After that AALS panel, a law professor who teaches at a state university law school in the midwest approached me and said he thought my plea for a more empathic approach to low-education whites could help him and his colleagues better understand their students, most of whom are conservative to one degree or another, and many who are Trump supporters. Of course, not all conservative white voters are low-income and/or low-education (an angle on the 2016 election often lost on the media; see more here and here) but some overlap exists. So, wouldn’t it be great if law profs could take their generally positive reaction to J.D. Vance and Hillbilly Elegy and use it to inform how they engage their own students who may be similarly situated to J.D. before he got that fancy schmancy Yale Law degree. In this regard, we should credit Yale Law’s Amy Chua, who saw value in Vance as a student and mentored him while we was at Yale. (One can’t help wonder the extent to which the sensationalism of Chua’s Battle Hymn of the Tiger Mother inspired similar sensationalism in Hillbilly Elegy, but I digress).
UC Davis Undergraduate Education has just launched a #firstgen initiative. In its initial phase, the program encourages professors who are the first generation in their family to get a college degree to “out” themselves (as by wearing to class these cool T-shirts they have supplied to us) so that first gen students can find us, seek us out for mentoring. The program also aims to educate faculty about first gen student perspectives, encouraging us to be transparent about expectations and grading, reminding us that not all of our students will have parents who can coach them toward success, who will understand the significance of opportunities on offer, let alone how to actively seek out those opportunities. Among the startling figures that have come to the fore with this new UC Davis initiative: 42% of our undergrads are first gen, a number that no doubt reflects the enormous racial and ethnic diversity of California and our student body. Further, more than 300 faculty members from across campus have self identified as first gen by joining an online faculty directory. At an initial gathering, I noticed that many of them/us appeared to be non-Hispanic white, though perhaps that is a generational thing. Our law school also has a #firstgen program in the works. A few other law schools already boast these, and numerous undergraduate programs do, too (see more here, here, here, here, and here).
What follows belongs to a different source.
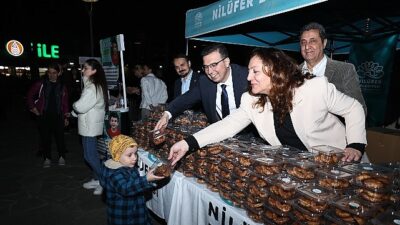 Nilüfer Belediyesi’nden Kadir Gecesi’nden kandil simidi ikramı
These “#firstgen” initiatives are important in that they remind us to see and assist not only racial and ethnic minority students, but also would-be class migrants who are white. We must be mindful of what all of these students need to succeed in a very different world than the one from whence they come. White skin is not a magic tonic. And as much as Hillbilly Elegy annoys me (see prior posts here, here and here for elaboration), if the book is good for something , that something may be cultivating empathy among those who can help aspiring class migrants–whatever their race or ethnicity, remembering that white people “have race,” too–to achieve the increasingly elusive “American Dream” via access to higher education.